4. Begin section headings with “You”
If you’re a cat rescue agency, then don’t use the heading ‘Amount of cats rescued 2016-17’, try something more donor-centric like ‘You helped rescue more cats than ever before!’. That heading not only sounds more exciting, it also reinforces that the donor was the key to making it happen.
5. Link dry statistics to emotional impact
It’s so tempting to take the easy way out and just list every statistic you can find, without any real connection to impact. But just imagine the difference it will make to donors when they read about the real impact behind the statistic.

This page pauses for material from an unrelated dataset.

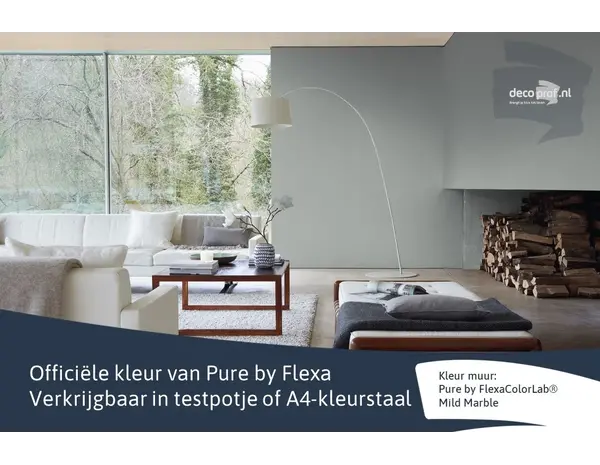 Flexa Flexa Pure Mild Marble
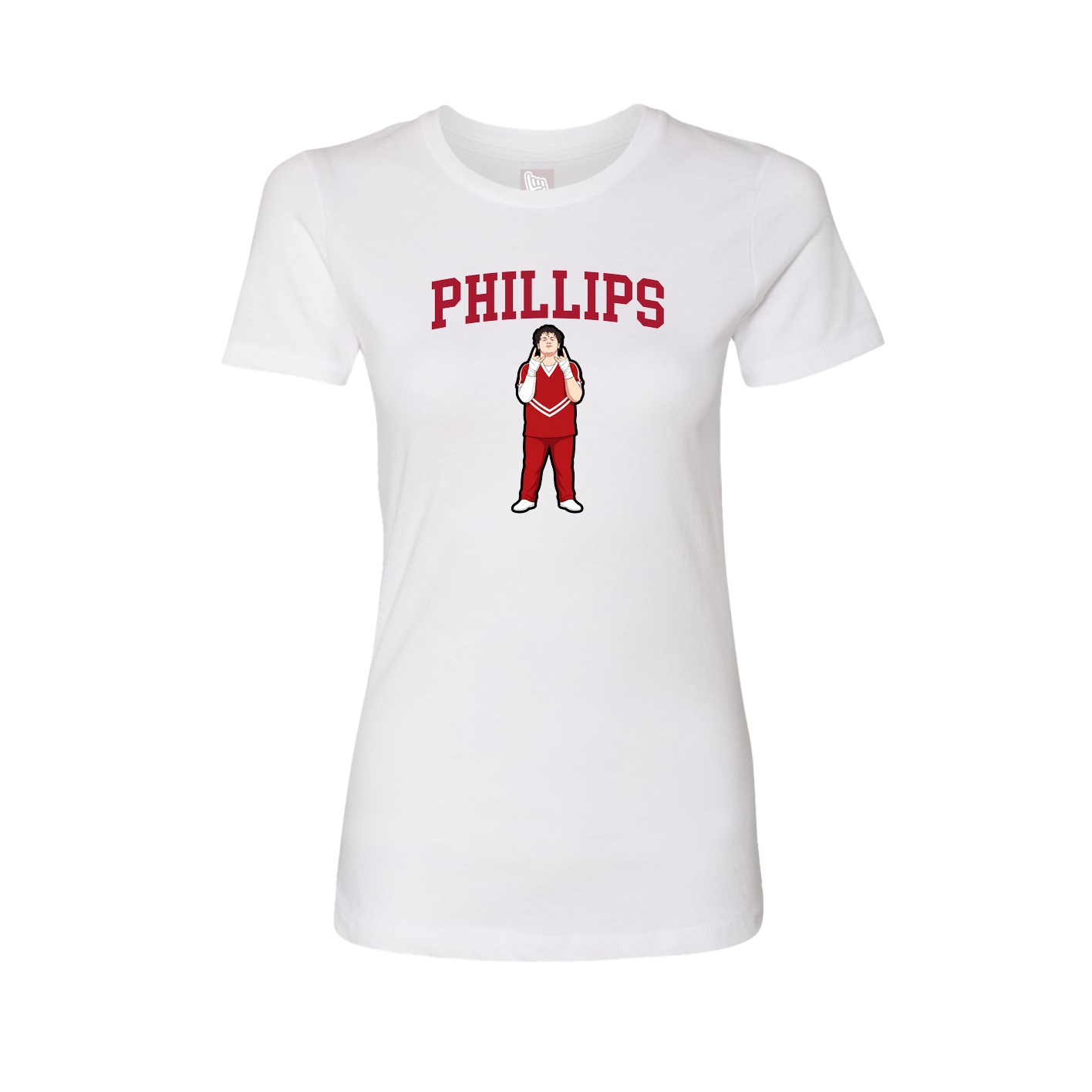 Womens Tee — Shirsey in White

For example, if your organisation helps refugees learn English, you could simply quote a statistic such as ‘We held 128 classes in Sydney, Melbourne and Perth…’. Alternatively, you could infuse some emotion into the report by adding the following … ‘which means hundreds of refugee families across Australia now have a better chance at finding employment and experiencing the life they always dreamed of’.
6. Make it personal through stories and images
While it’s great for your donors to know that 5,000 kids received school breakfasts last year, they will be so much more excited by an accompanying photo and short paragraph about just one of these children.
For example, ‘Mia was losing concentration at school, but thanks to your support, she and thousands of hungry South Australian kids like her are getting the essential food they needed to succeed at school’.
Want to get more excited about your annual report? Then remember to keep it donor-centric as you thank donors for the incredible impact they’ve had through their donations this year. It will be a great encouragement to them, and could just lift donations as donors begin to feel even more motivated to show their support in the year ahead.